Last night, I allowed Spirit completely take me over. I hadn't done that in quite some time and frankly, it was way overdue. In doing so, I stopped being a victim. I stopped accusing others for what I had allowed them to do in the first place. In one night, I put my life back on the map and regained my purpose. In one night, I looked carefully at the relationships I have been in and especially at the one I recently finished. I took responsibility for all that I had done to mess them up. In one night, I forgave myself for allowing someone to hurt me, while they helped me. And I forgave them for hurting me, while they helped me. And yes, they did help, in many ways. Ways that could not be appreciated at the time, however, they are thought about frequently.
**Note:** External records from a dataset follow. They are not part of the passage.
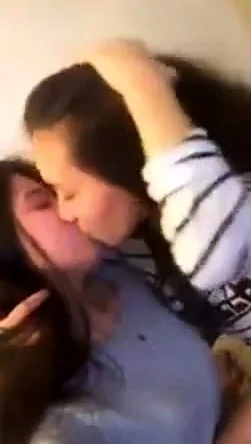 Girls kiss in webcam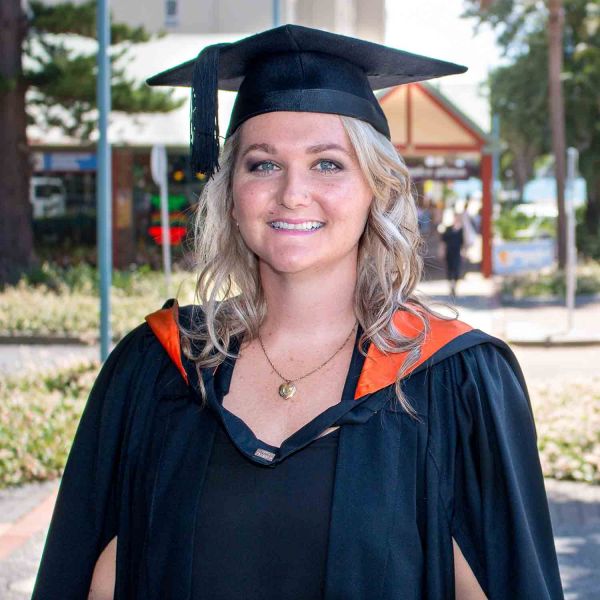 Kyra Fuller at graduation. Midwifery graduate pays the gift of life forward.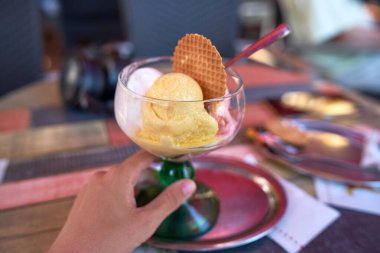 Lezzetli bir dondurma bardağını kapat. Restoranda Limonlu Limonlu Vanilyalı Dondurma ve Tatlı Bisküvi Krepleri 'nin yakın görüntüsü. Kırsal Ahşap Masa' da Cam Tabak 'ta servis ediliyor.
In one night, I regained my purpose and all that Spirit had shown many years before. I took responsibility for running away from what I have been called to do and who I have called to be. In one night, I re-membered why I was put on the path and found my old foot steps and put my feet back into them. I listened and I heard Spirit explain to me, As was explained years before, that I AM here to give the knowledge that was given to me before I got here. In one night, I regained love of myself and of others. Today, I can honestly say I feel nothing but love for everyone and everything. Today, I trust the love within me, that is Spirit and I know that unconditional love is for everyone, even when it's not expressed in the best way possible.
In one night, I give thanks and I am grateful for EVERYONE that is and has been a part of my life. I thank you for all that each of you have taught and I want you to know, That though it didn't seem like, I was paying attention and I got it.